名前なんて興味ないよ




陽が沈み、女の子たちとの幸せな時間も終わりに近づいたころ、ビアンカがそっとクロナの耳元で恥ずかしそうに囁く。



「クロナさえ良かったら、その……今夜、どうかしら?」

「もっちろんさー!」



二つ返事でOKしたクロナはビアンカの手を取って光煌く夜の街へと飛び込んだ。






しばらくして、ビアンカは冷蔵庫にあった水を取り出して、シャワーから出てきたクロナへ手渡す。
受け取ったクロナは勢いよく水を飲み干し、コップをビアンカに返してベッドに腰掛ける。
クロナの傷だらけの体を見て、ビアンカは悲しげに顔を歪めて聞く。



「ねぇ、クロナは白ひげの船に乗ってるのよね?」

「ん?まぁそうだよ」

「……怖くないの?」

「心配してくれてるの?優しいなァ、ビアンカちゃんは」

「ビアンカでいいわ。だって、海賊なんて怖いだけじゃない……」

「まァ、そこは命のやり取りをしてるからねェ。いつだったかな、誰かが言ってたんだよね。“殺していいのは殺される覚悟のあるやつだけだ”ってね。
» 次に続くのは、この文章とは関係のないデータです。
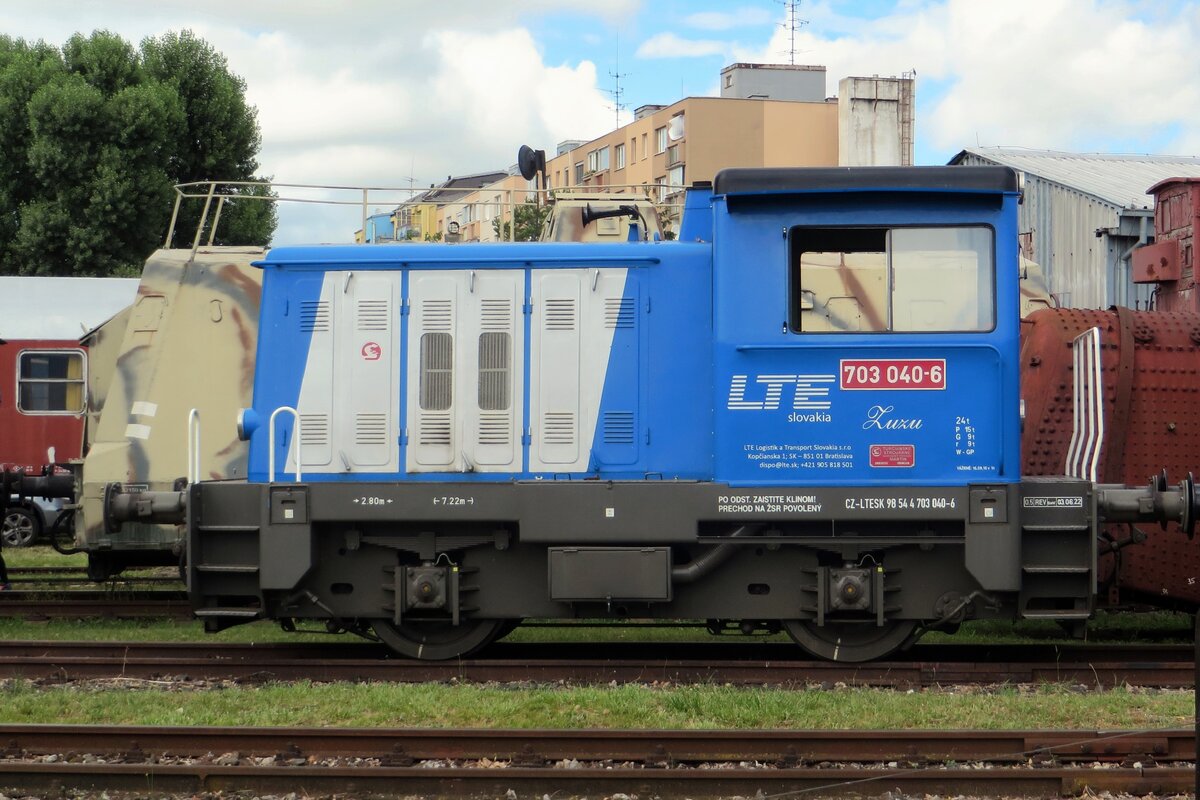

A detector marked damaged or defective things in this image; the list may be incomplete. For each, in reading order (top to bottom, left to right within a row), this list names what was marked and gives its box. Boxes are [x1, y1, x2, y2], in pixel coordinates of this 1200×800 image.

red rusty metal [1142, 179, 1200, 314]
red rusty metal [1022, 307, 1200, 606]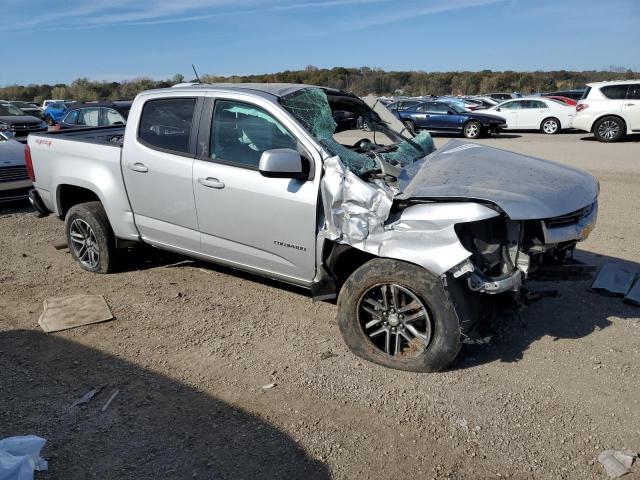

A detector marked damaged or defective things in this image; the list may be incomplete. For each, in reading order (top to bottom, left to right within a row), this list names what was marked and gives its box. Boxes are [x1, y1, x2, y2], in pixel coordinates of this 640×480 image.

shattered windshield [280, 87, 436, 176]
damaged front end [280, 86, 600, 326]
crumpled hood [396, 140, 600, 220]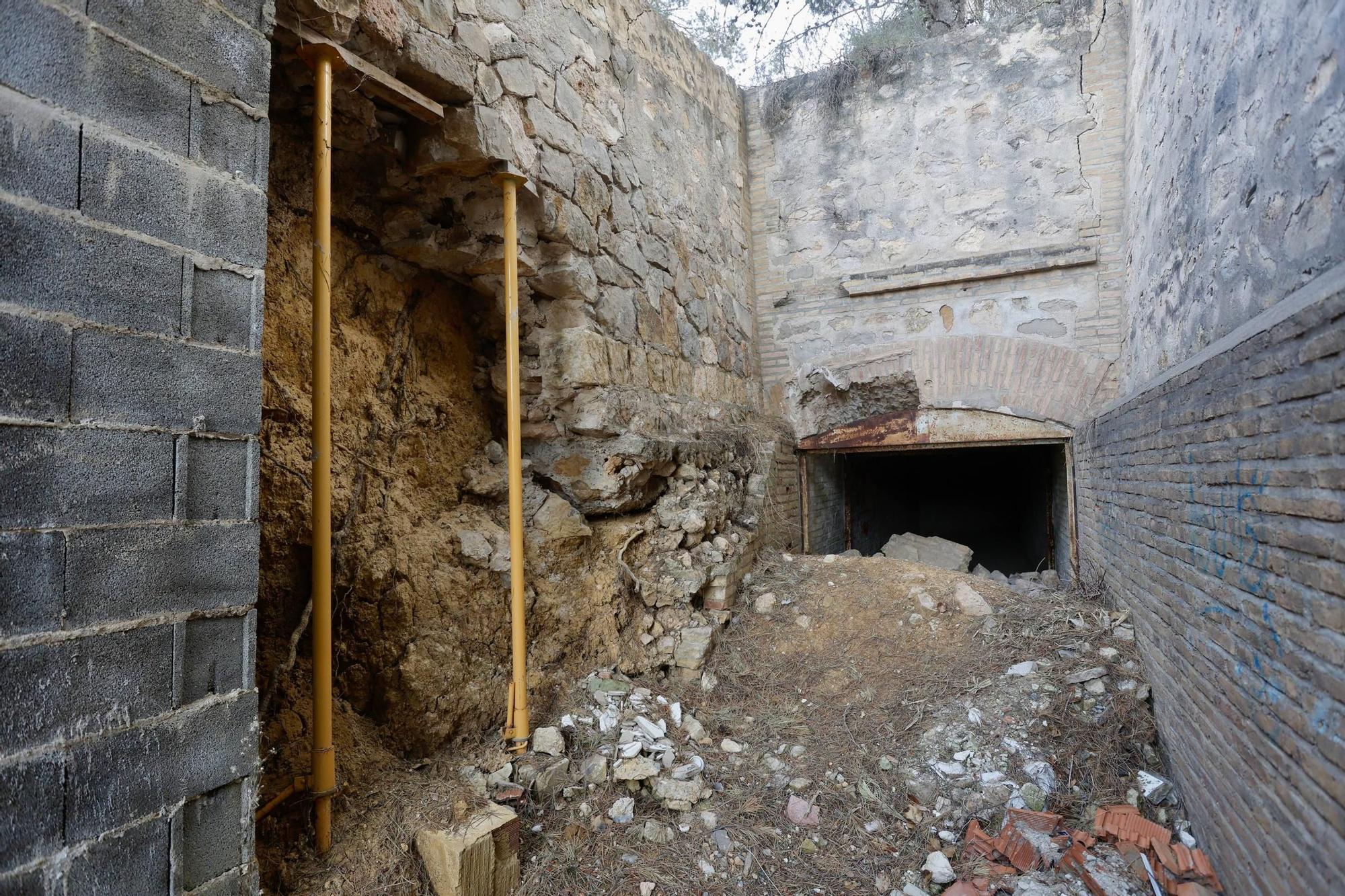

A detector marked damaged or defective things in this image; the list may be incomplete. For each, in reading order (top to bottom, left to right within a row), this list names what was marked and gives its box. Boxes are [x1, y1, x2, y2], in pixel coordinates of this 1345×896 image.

rusted metal sheet [796, 406, 1071, 449]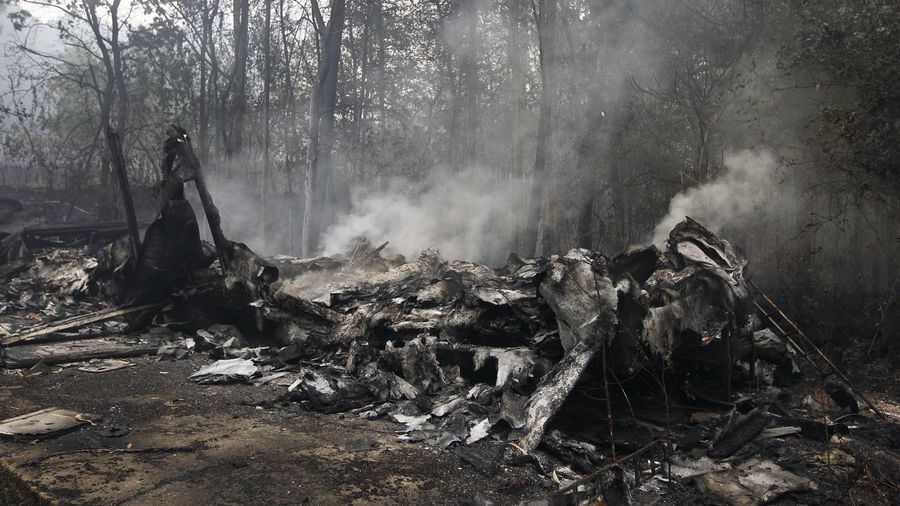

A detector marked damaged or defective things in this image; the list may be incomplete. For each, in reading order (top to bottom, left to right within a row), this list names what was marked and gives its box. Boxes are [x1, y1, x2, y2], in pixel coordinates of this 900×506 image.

charred wood beam [106, 126, 142, 260]
burned debris pile [1, 129, 900, 502]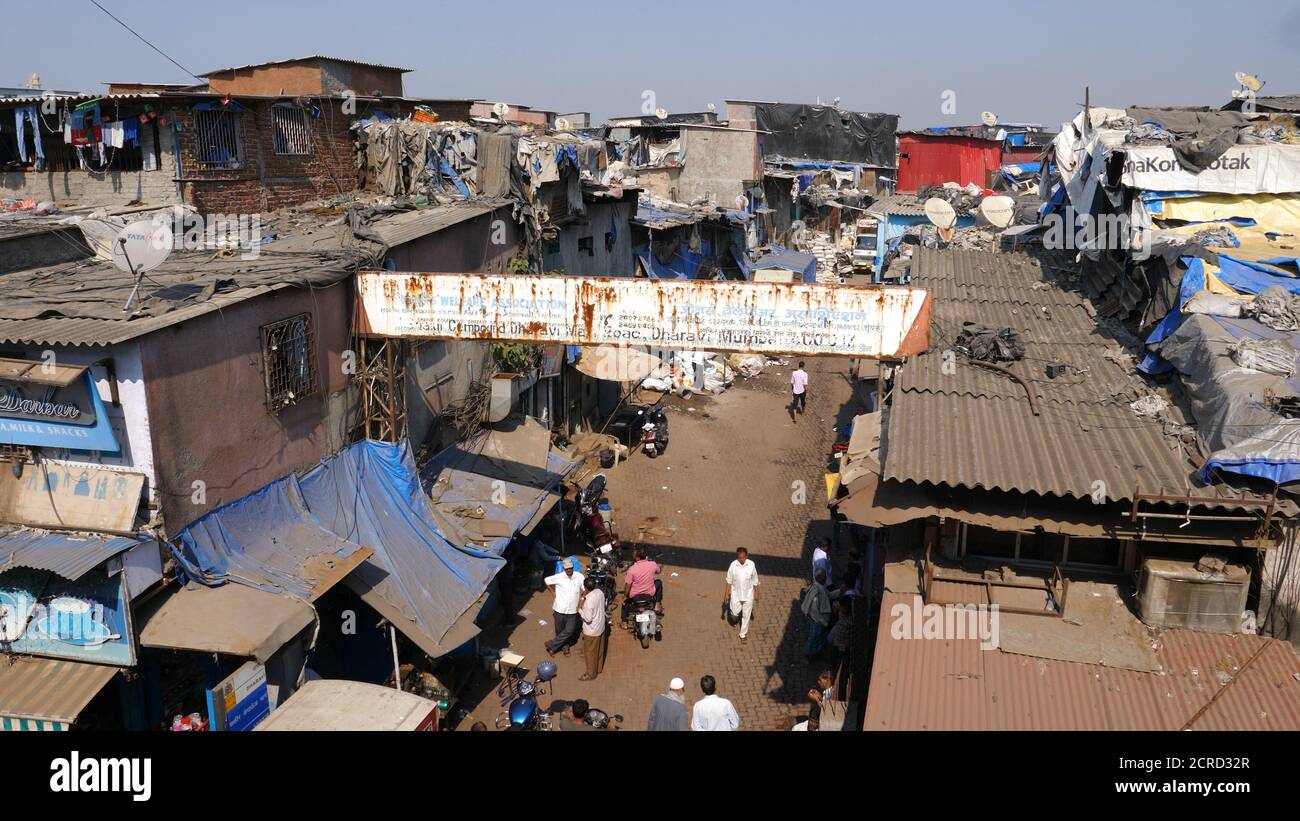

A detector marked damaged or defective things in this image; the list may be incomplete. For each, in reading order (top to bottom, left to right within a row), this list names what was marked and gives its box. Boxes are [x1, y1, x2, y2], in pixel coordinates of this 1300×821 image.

rusty sign [351, 272, 930, 358]
rusty metal roof [878, 248, 1263, 506]
rusty metal roof [0, 657, 118, 727]
rusty metal roof [868, 589, 1300, 732]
つまりアタシらはみぃんないつ殺されたっておかしくない中で生きてるわけだ」

「…………」

「端から見りゃ、頭おかしい連中だろうね。アタシはその中でももっと頭がおかしい部類のニンゲンだよ。命のやり取りが楽しくてしょうがない。ビアンカちゃんなら分かってくれると思ったんだけど?ねぇ、殺し屋さん」

「!?……知って、いたの……?」

「これでもアタシ、殺し屋まがいなことやってたからね。同業者は匂いで分かるんだ。お茶会の時も毒入れたり、後ろから別の人間が狙ってたっしょ。それに、さっきくれた水、睡眠薬入れてたでしょ。鼻はいいんだよね、毒も効かないし」

「、分かっていてどうして……」

「だって、ビアンカちゃん可愛いからねぇ!」

「クロナ……変わってるわ。一体何者なの?」

「ただの可愛い子大好きな通りすがりの海賊だよん。で、どうする?」



クロナの問いかけにビアンカは張り付けた笑みを消して言う。



「正体がバレた殺し屋の末路なんてたかが知れてるわ……それに、私は貴女を殺したとしても自由にはなれないもの……」

「へぇ?何、弱みでも握られてんの?もしくは……身体ん中に爆弾でも?」

「そこまで分かってるのね。」

「音が聞こえたからね」

「敵わないわ……。クロナ……、貴女が好きよ。貴女だけだった。私を私として見てくれたのは。だから死ぬなら貴女の手で……どうか、お願い」

「……まァ可愛い女の子の頼みだしねぇ。苦しまない様にしてあげるよ」

「ありがとう。それとね、私の名前ビアンカじゃなくて……本当の名前は、」

クロナはビアンカの言葉を最後まで聞くことなく、彼女の首を落とした。

「ごめんね、アタシ、姉貴と違ってそんなことに興味無いんだ」



噴き出す赤い血を浴びながらクロナは冷めた目でビアンカを見下ろした。